Repentance is indeed an act of reconciliation, of reintegration into the Body of Christ, which has been torn asunder by sin. For "if one member suffers, all suffer together" (1 Corinthians 12:26). "Therefore, confess your sins to one another - that you may be healed (Saint James 5:16). The whole Church expresses a search for repentance in the repeated words of the Psalmist, commonly known as the "miserere" (Psalms50[51]). It is through the faith of the community that the individual is readmitted and forgiven. "When Jesus saw their faith He said, 'man, your sins are forgiven'" (St. Luke 5:20; St. Matthew 9:2; and St. Mark 2:5). "Justification" in the New Testament does not mean a transaction - a kind of deal; and repentance defies mechanical definition. It is a continual enactment of freedom, a movement forward, deriving from renewed choice, and leading to restoration. The aim of the Christian is not even justification but a reentry by the sinner and saint into communion in which God and man meet once again and personal experience of divine life becomes possible. Both prodigal and saint are "repenting sinners."

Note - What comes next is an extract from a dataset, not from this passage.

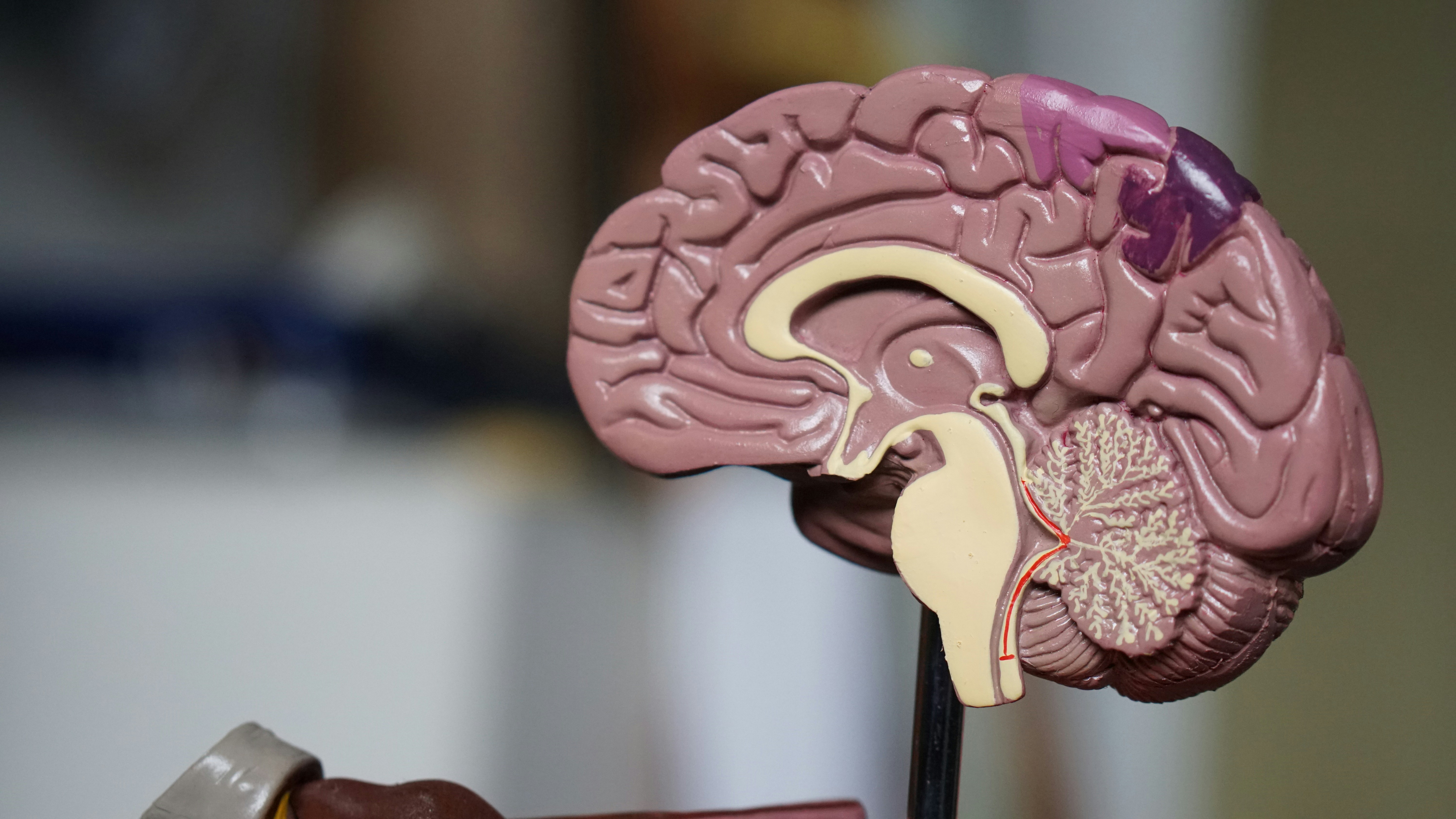 Understanding Dementia: Exploring neurodegenerative disease through real world case studies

Repentance is not to be confused with mere remorse, with the self-regarding feeling of being sorry for the wrong done. It is not a state but a stage, a beginning. Rather, it is an invitation to new life, an opening up of new horizons, the gaining of a new vision. Christianity testifies that the past can be undone. It knows the mystery of obliterating or rather renewing memory, of forgiveness and regeneration, eschewing the mystery fixed division between the "good" and the "wicked", the pious and the rebellious, the believer and the unbeliever. One repents not because one is virtuous, but because human nature can change, because what is impossible for man is possible for God. The motive for repentance is at all times humility, unself-sufficiency - not a means of justification for oneself, or of realizing some abstract idea of goodness, or of receiving a reward in some future life. Just as the strength of God is revealed in the extreme vulnerability of His Son on the Cross, so also the greatest strength of man is not to embrace his weakness: "for my strength is made perfect in weakness. Most gladly therefore will I render glory in my infirmities, that the power of Christ may rest upon me" 2 Corinthians 12:9). To be flowed is the illogical, perhaps supernatural characteristic of humanity in which one encounters God.

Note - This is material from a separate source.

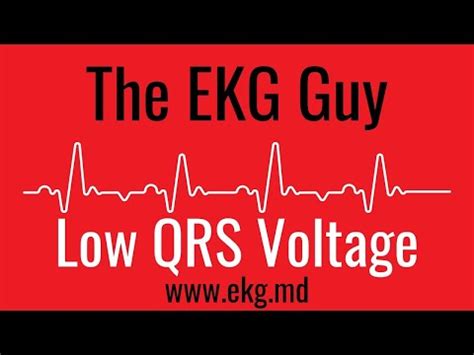 Low QRS Voltage on EKG / ECG l The EKG Guy - www.ekg.md - YouTube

The Greek word for repentance, metanoia, denotes a change of mind, a reorientation, a fundamental transformation of outlook, of man's vision of the world and of himself, a new way of loving others and God. In the words of a second-century text, "The Shepherd of Hermas, it implies "great understanding", discernment. It involves, that is, not mere grief of past evils but a recognition by man of darkened vision of his own condition, in which sin, by separating him from God, has reduced him to a divided, autonomous existence, depriving him of both his natural glory and freedom. "Repentance", says Saint Basil the Great, "is salvation, but lack of understanding is the death of repentance."
It is clear that what is at stake is not particular acts of contrition, but an attitude, a state of mind, "For this life," states Saint John Chrystostom, "is in truth wholly devoted to repentance, penthos and wailing. This is why it is necessary to repent, not merely for one or two days, but throughout one's whole life."

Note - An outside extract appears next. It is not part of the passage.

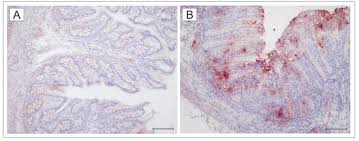 Toxins Free Full Text Toll Like Receptor 4 Signaling In The Ileum And Colon Of Gnotobiotic Piglets Infected With Salmonella Typhimurium Or Its Isogenic Rfa Mutants Html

Any time within oneself or distinction between the "time to repent" and the "rest of one's time" is, in the language of the Orthodox Church, attributed to the demons. The role of these demons is extortionate, offensive - "diavallo", the word "devil", means to tear asunder. We cannot be deprived of true repentance or diverted from its path by the deception of demons. Yet the demons can work through virtue, working to produce a kind of spurious repentance. By nature we are destined to advance and ascend spiritually, but the demons divert the course by simulating advance in the form of a fitful movement, a wobbling from side to side, like crabs. One can test the quality of repentance by ascertaining whether it is fleeing or fluttering. Inconstancy and inconsistently are a danger signal; lastingness is auspicious. One is being tempted by the demons when one is caused "at times to laugh, and at other times to weep." (Source: Greek Orthodox Archdiocese of America)
(To be continued: The Two Dimensions of Repentance)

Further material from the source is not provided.